Stored data:
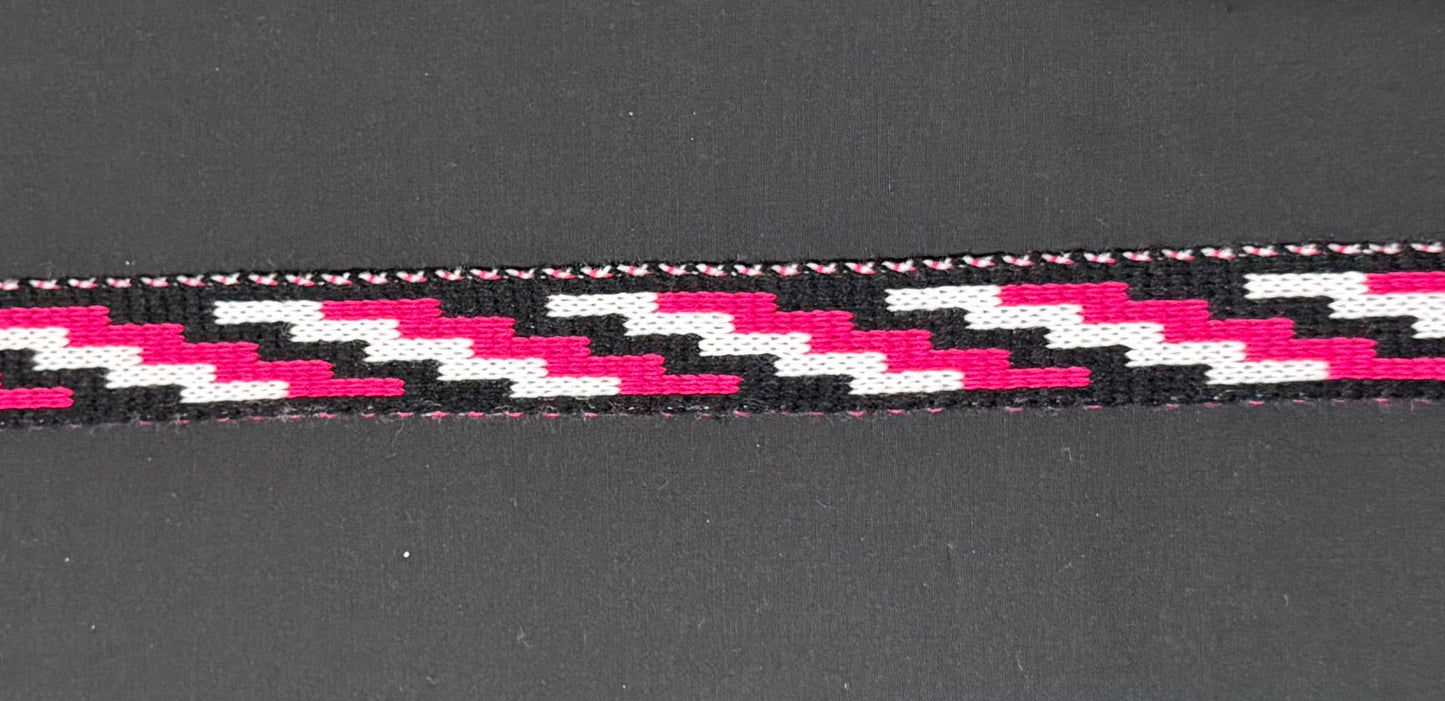 1inch Hot Pink and White Poutama Taniko Design Band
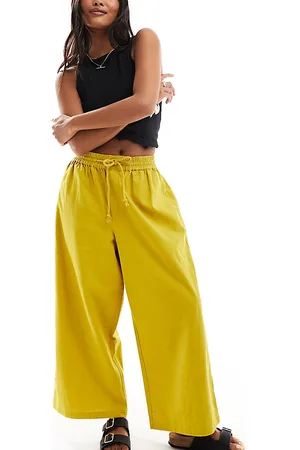 ASOS Petite pull on barrel leg trouser with linen in chartreuse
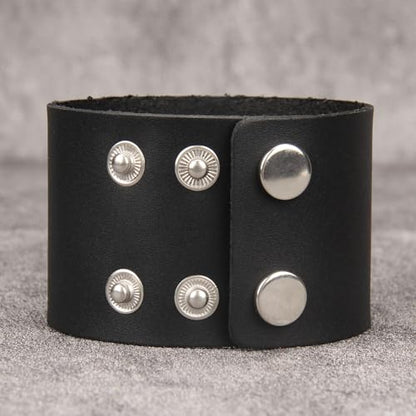 GelConnie Punk Leather Cuff Bracelet Adjustable Straps Wrap Bracelets Arm Armor Cuff Gothic Leather Wristbands for Men, Women - color: MLPB105-Black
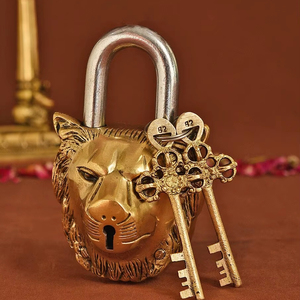 Escultura Majestuosa de Cabeza de León de Metal, Decoración Artesanal para Pared y Mesa, Figura de Animal Regia para Oficina en Casa, Arte de Lujo - Product Image 1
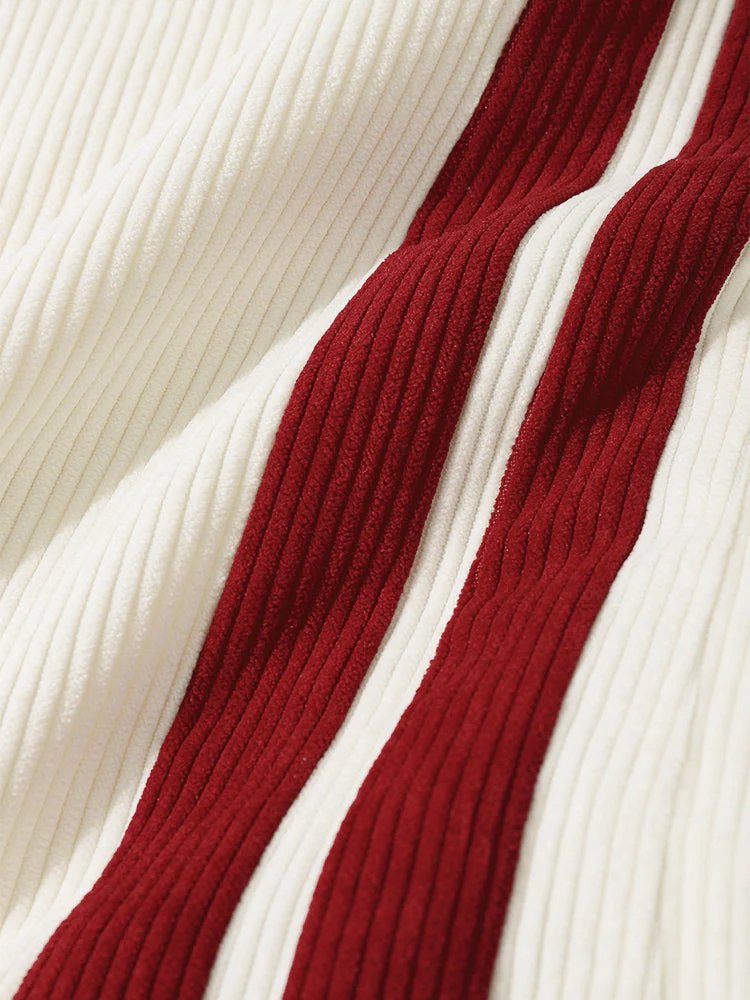 Mens Side Stripe Letter Embroidered Zip Jacket Corduroy Two Pieces Outfits - Image 12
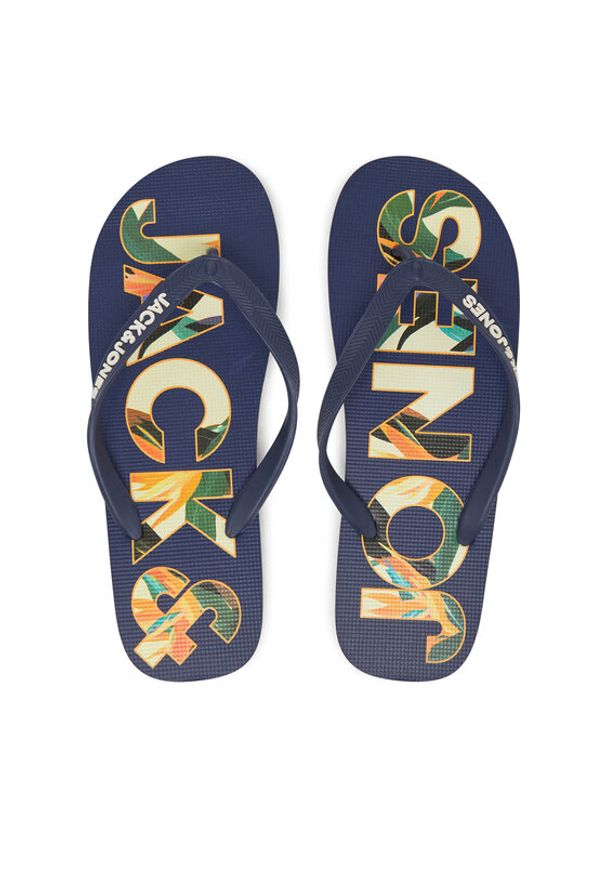 Jack & Jones - Jack&Jones Japonki Jfwlogo Palm Print Flip Flop Ln 12230642 Granatowy. Kolor: niebieski. Wzór: nadruk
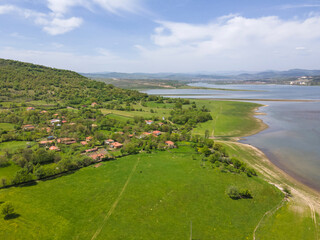 Naklejka premium Aerial view of Studen Kladenets Reservoir, Bulgaria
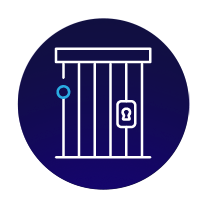 circular icon depicting a jail cell door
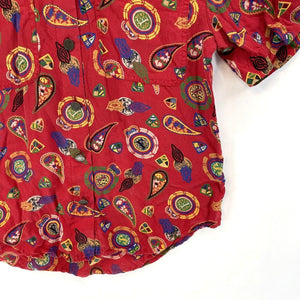 Leslie Fay Women's Button Up Blouse Paisley Tribal Geometric Vtg Red Size 4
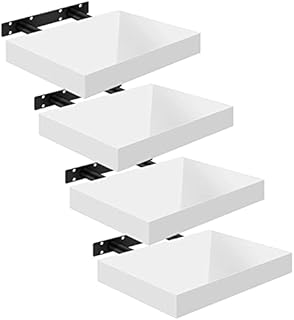 WOLTU High Gloss Floating Shelves,Set of 4 Wall Shelf,CD DVD Storage Corner Shelf, Premium Wooden Shelves for Bedroom LivingRoom kitchen 25x22.9x3.8cm, White, RG9488ws-4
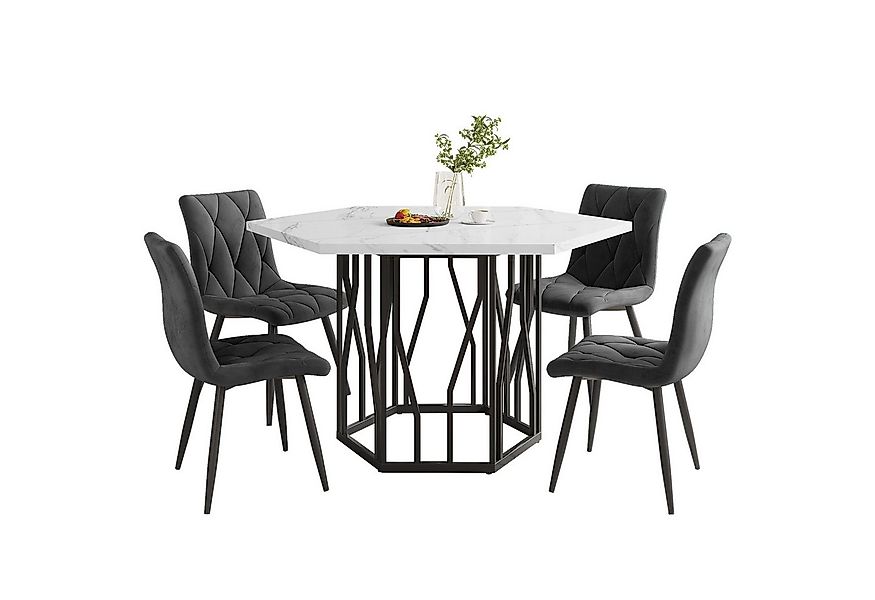 i@home Essgruppe 115,5 x 100 cm Esstisch mit 4 Stühlen, (Moderner Küchentis günstig online kaufen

**Assigned task**
Find the line that contains "Leslie Fay Women's", then write out that line and every line after it through the end of the records, exactly. Leave the pictures out.

**Answer to this problem**
 Leslie Fay Women's Button Up Blouse Paisley Tribal Geometric Vtg Red Size 4
 WOLTU High Gloss Floating Shelves,Set of 4 Wall Shelf,CD DVD Storage Corner Shelf, Premium Wooden Shelves for Bedroom LivingRoom kitchen 25x22.9x3.8cm, White, RG9488ws-4
 i@home Essgruppe 115,5 x 100 cm Esstisch mit 4 Stühlen, (Moderner Küchentis günstig online kaufen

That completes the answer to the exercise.